**Provided material**
---+---

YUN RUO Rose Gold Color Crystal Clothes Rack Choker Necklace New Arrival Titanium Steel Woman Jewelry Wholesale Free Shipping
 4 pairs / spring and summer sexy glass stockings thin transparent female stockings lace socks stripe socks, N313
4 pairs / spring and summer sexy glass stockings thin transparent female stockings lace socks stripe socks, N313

---+---

**Problem description**
In how many lines of the material above does the word "glass" occur? Give the number and no other text.

**Result for this task**
2